I turned into an eternal juggler, dividing my days in a week between three houses, to be a good son, a husband and a father.
My wife believes every modern man and woman, despite being married, should fulfil their individual responsibilities towards their parents. So in the initial years of marriage we decided we would stay together as a family only over weekends. The rest of the week we would meet and then give time to our respective parents and stay with them. At one point, I thought we were insane, but years later I realised this was the best compromise we made, even with our son, to get the best of the time we spent together, free from quarrels and irritations and remain guilt free as far as duty and love for our parents went.
My wife, the only child of her ailing parents, had no way to neglect them and live in my home as a traditional wife. I knew from the beginning she would not be able to accept the framework of my family where ambitions and typical Bengali middle-class barriers exist. She tried for a time, dividing her time between my house and her house, but that became next to impossible after our son was born. I too couldn’t leave my parents as my elder siblings (brother and sister) were out of the city and couldn’t take care of them. My wife was also very particular about such commitments; she felt if she took care of her parents, it was my duty to live in the house that my father built. Thus our somewhat different family life flowed on.
And we enjoyed every bit of it.
Even after 15 years of marriage, it seems we have a honeymoon every weekend!

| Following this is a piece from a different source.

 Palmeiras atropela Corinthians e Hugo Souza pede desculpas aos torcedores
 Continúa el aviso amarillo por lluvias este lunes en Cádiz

We all look forward to it when every Friday we move to our weekend bungalow that we have all to ourselves. Even my teenaged son enjoys it as a weekend retreat. We’ve asked him many times if he feels bad that daddy doesn’t stay with him every night. He made it very clear he enjoys with his grandparents instead and also spoke of friends whose fathers are out on tours for most of the month. Thanks to my son and my ‘different’ wife who finds fun in everything that this society calls abnormal, I do not feel guilty.
But I wouldn’t deny that there were nights when I felt lonely. But I always knew my wife was just a phone call away. And that eccentric woman in my life says talking on the phone is like having a clandestine affair at times, and she enjoys it, just like she would do with any other man. For that brings out the lover in a husband, not the typical Indian patriarchal husband. As for my ailing mother, she is relieved that at least one of her children is still around. It’s the sort of support every parent in their old age needs.
I have never believed in the concept of a nuclear family, but in the modern setup, we cannot think otherwise.
So we have made our own weekend family setup, where the child gets the bliss of staying with his grandparents, we have the bliss of living like lovers and our parents feel secure that we are with them at every step and will live in the houses they built with their sweat and blood.
Needless to say, such an arrangement didn’t go down well with my extended family, and many asked if I was divorced, if my wife had left me. My wife was at the receiving end of subtle abuse too. I’ve never tried to make anyone understand anything, I never needed to justify it to anyone. I know certain things can never be understood unless one goes through them. And to some extent I believe that our smiles have remained intact despite many challenges, because we chose to be a ‘weekend family’ instead of taking relationships at face value.